Первый вариант проекта духовной администрации на занятых югославских и греческих территориях был принят на чрезвычайном заседании сокращенного состава Синода 25 апреля 1941 г. Он предполагал восстановление существовавшей до 1913 г. структуры экзархата – воссоздание шести епархий: Маронийской (с включением двух городов – Софлу и Фере, оккупированных немцами), Струмичско-Сереской, Скопле-Велешской (с включением части итальянской зоны Македонии), Охридско-Битольской (с включением другой части итальянской зоны Македонии), Солунской (Салоникской) и Одринской (Эдирненской, Андрианопольской). Это была своего рода программа-максимум, направленная на распространение юрисдикции Болгарской Церкви на всё болгарское население Балкан, в том числе на территориях, оккупированных итальянскими, немецкими войсками и даже в Турции. При этом предписывалось всем болгарским священнослужителям, когда-то эмигрировавшим из Югославии и Греции, вернуться в свои епархии, а на остальные приходы предполагалось назначить новых священников[673].
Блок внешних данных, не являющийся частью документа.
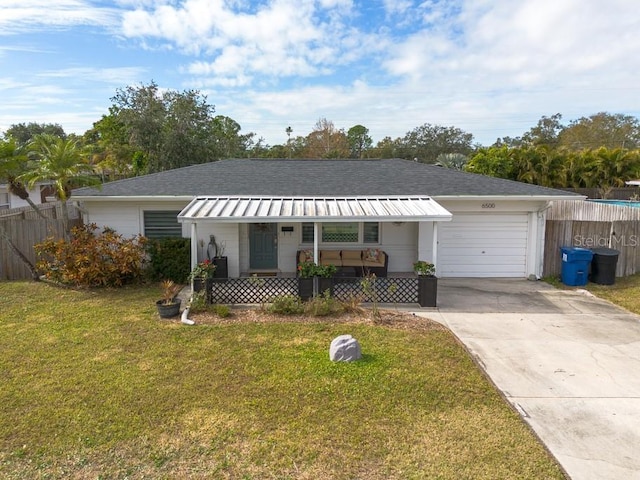 ranch-style house with covered porch, a front lawn, and a garage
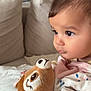 baby, infant, toddler, couch, sofa, cushion, plush_toy, stuffed_animal, blanket, hand, face, eyes, eyelashes, cheeks, nose, closeup, indoor, home, soft_texture, gaze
Первоначальный проект был представлен на отзыв премьер-министру и в Министерство иностранных и религиозных дел и после критической оценки переработан Синодом. В результате в соответствии с его решением от 2930 апреля летом 1941 г. в Эгейской Фракии и Македонии были созданы четыре епархии: Маронийская (временное управление которой поручили митрополиту Пловдивскому Кириллу), Струмичско-Драмская (под управлением митрополита Неврокопского Бориса), Скопле-Велешская (под управлением митрополита Велико-Тырновского Софрония) и Охридско-Битольская (под управлением митрополита Ловечского Филарета). Управление Пиротским, Босилеградским и Царибродским округами, в соответствии с существовавшим до 1913 г. положением, было передано митрополиту Софийскому Стефану. Еще один небольшой район Югославии – 9 сел к западу от реки Тимок – был присоединен к Видинской епархии (митроподит Неофит организовал там 3 прихода).